On December 17, 2007, the Company completed its sale of the Starter brand to Iconix Brand Group, Inc. resulting in a gain of $29 million which is included in third quarter other income.
On February 21, 2008, the Company announced it had reached a definitive agreement to sell Bauer Hockey to an investor group led by Kohlberg & Company and Canadian businessman W. Graeme Roustan for $200 million in cash. This transaction is expected to be completed before the end of the fiscal year.
On January 31, 2008, Nike’s £285 million, all-cash offer for the acquisition of 100 percent of the shares of Umbro plc was approved by Umbro shareholders. The United Kingdom’s Office of Fair Trade gave regulatory approval on February 6, 2008 and on March 3, 2008 the acquisition was completed by Nike's wholly-owned subsidiary, NIKE Vapor Ltd.
Commenting on these developments, Parker said, “Our focus on prime growth opportunities extends throughout our portfolio of brands.
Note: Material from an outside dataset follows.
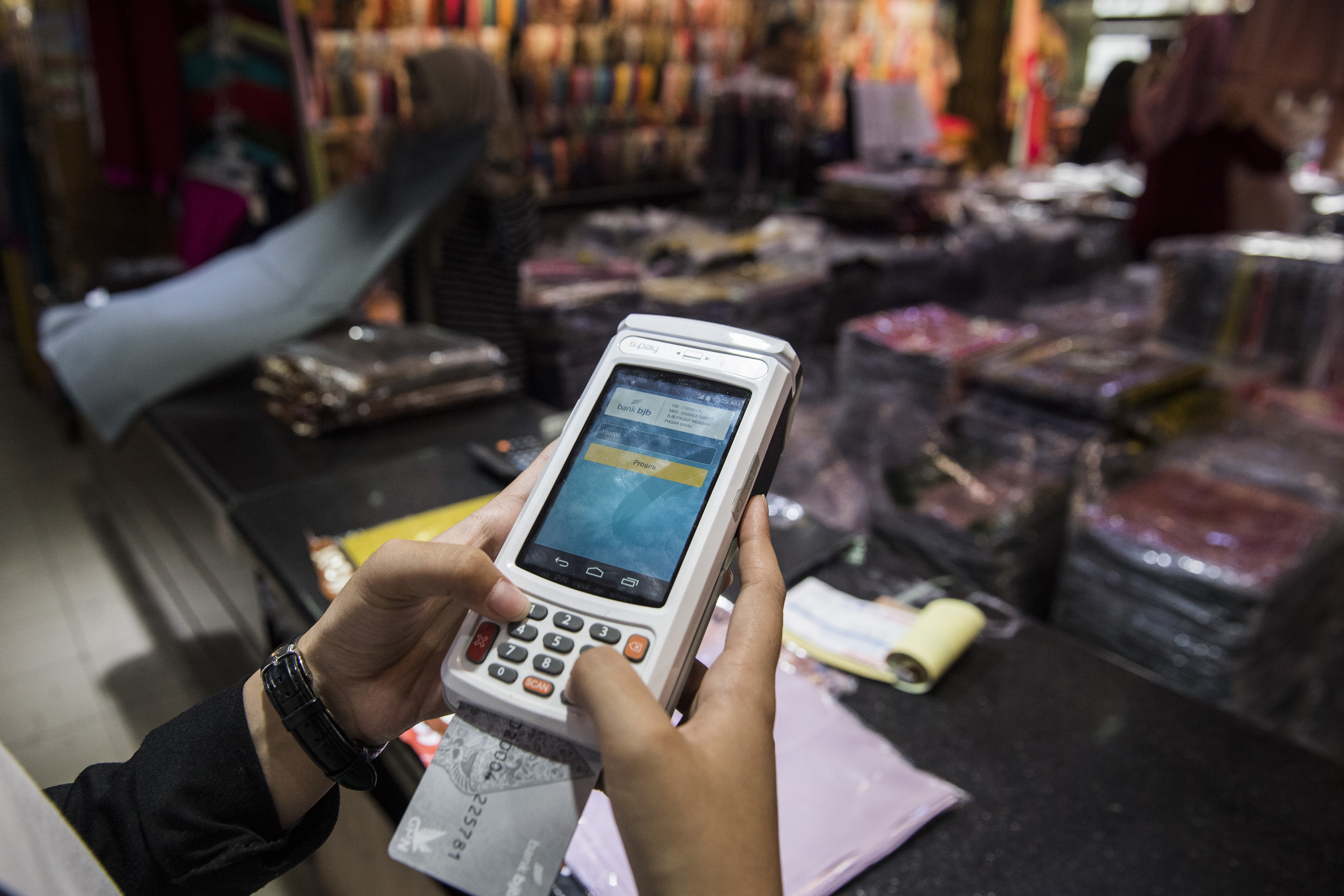Pembeli melakukan transaksi pembayaran digital dengan mesin EDC berbasis android di Pasar Baru, Bandung, Jawa Barat.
We are confident that our divestiture decisions are the right ones for Bauer Hockey, Starter, and Nike. Our most recent acquisition, Umbro, is a brand that has tremendous heritage and respect in global football. This acquisition represents an opportunity to create value for shareholders and consumers by applying our product, brand-building and operational capabilities to a business with enormous growth potential around the world.”*
Income Statement Review
Third quarter gross margins were 45.1 percent compared to 44.2 percent for the same period last year. Selling and administrative expenses were 30.9 percent of third quarter revenues, compared to 31.7 percent last year. The effective tax rate for the quarter was 30.6 percent compared to 32.3 percent for the same period last year.
Balance Sheet Review
At quarter end, global inventories stood at $2.4 billion, an increase of 10 percent from February 28, 2007. Cash and short-term investments were $2.9 billion at the end of the quarter, compared to $2.3 billion last year.
During the third quarter, the Company purchased a total of 5,570,300 shares for approximately $343.9 million in conjunction with the Company’s four-year $3 billion share repurchase program approved by the Board of Directors in June 2006. As of the end of the third quarter the Company has repurchased a total of 34.2 million shares for approximately $1.8 billion under this program.
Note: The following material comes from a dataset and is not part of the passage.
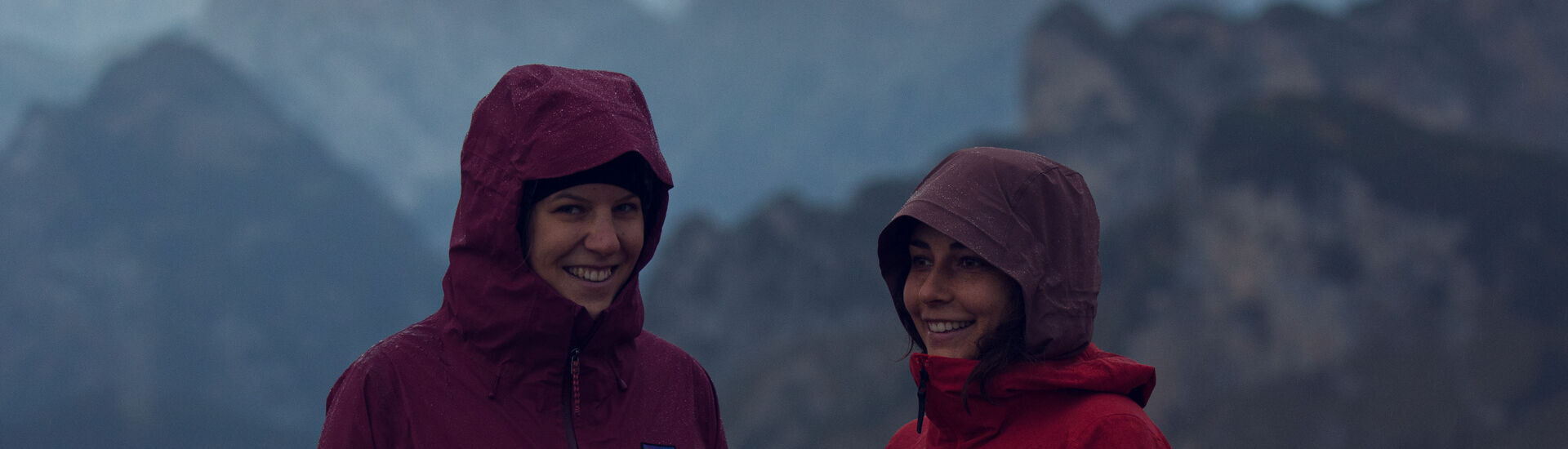 Zwei junge Frauen wandern gut ausgerüstet bei trübem Wetter im Rofangebirge.}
NIKE, Inc. based near Beaverton, Oregon, is the world's leading designer, marketer and distributor of authentic athletic footwear, apparel, equipment and accessories for a wide variety of sports and fitness activities. Wholly owned Nike subsidiaries include Converse Inc., which designs, markets and distributes athletic footwear, apparel and accessories; Cole Haan Holdings Incorporated, which designs, markets and distributes luxury shoes, handbags, accessories and coats; Umbro Ltd., a leading United Kingdom-based global football (soccer) brand; and Hurley International LLC, which designs, markets and distributes action sports and youth lifestyle footwear, apparel and accessories.
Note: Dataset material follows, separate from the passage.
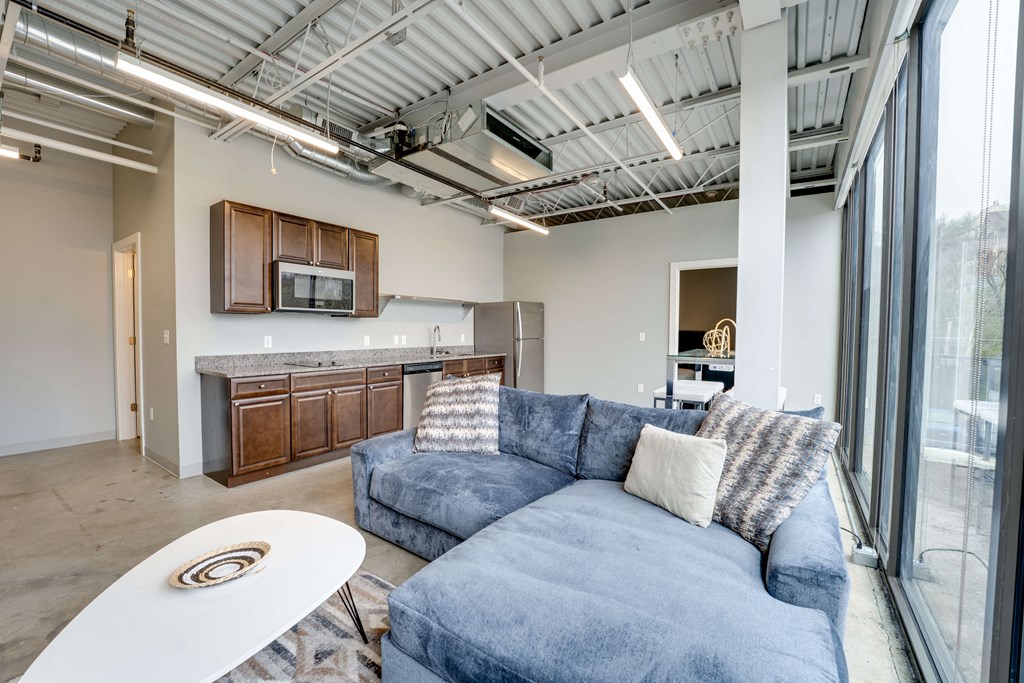 a living room with a blue couch and a kitchen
Nike’s earnings releases and other financial information are available on the Internet at www.nikebiz.com/investors.
* The marked paragraphs contain forward-looking statements that involve risks and uncertainties that could cause actual results to differ materially. These risks and uncertainties are detailed from time to time in reports filed by NIKE with the S.E.C., including Forms 8-K, 10-Q, and 10-K. Some forward-looking statements in this release concern changes in futures orders that are not necessarily indicative of changes in total revenues for subsequent periods due to the mix of futures and “at once” orders, exchange rate fluctuations, order cancellations and discounts, which may vary significantly from quarter to quarter, and because a significant portion of the business does not report futures orders.